MATERIAL SHOWN:
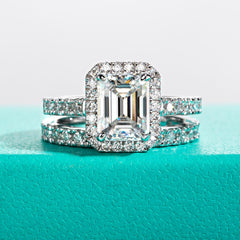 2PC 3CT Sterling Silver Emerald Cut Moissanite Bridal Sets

---

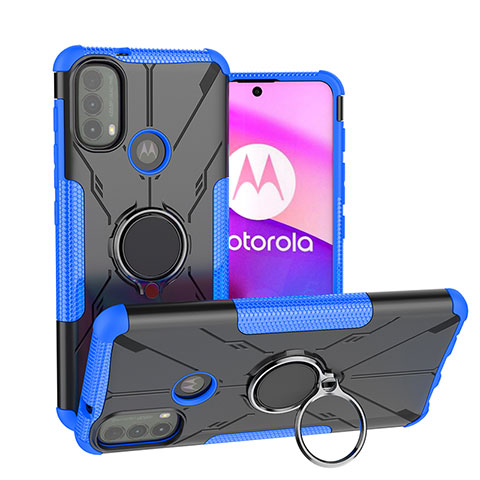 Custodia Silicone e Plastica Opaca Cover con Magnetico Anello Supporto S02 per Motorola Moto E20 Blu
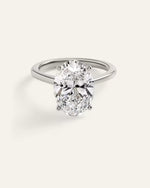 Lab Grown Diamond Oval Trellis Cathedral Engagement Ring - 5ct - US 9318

--

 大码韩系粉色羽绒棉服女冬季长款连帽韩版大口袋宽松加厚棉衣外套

WORK TO COMPLETE: Leave the pictures out. Output, exactly, the lines of the material above starting at the line containing "Custodia Silicone e" and ending at the line containing "Lab Grown Diamond".

TASK RESULT:
 Custodia Silicone e Plastica Opaca Cover con Magnetico Anello Supporto S02 per Motorola Moto E20 Blu
 Lab Grown Diamond Oval Trellis Cathedral Engagement Ring - 5ct - US 9318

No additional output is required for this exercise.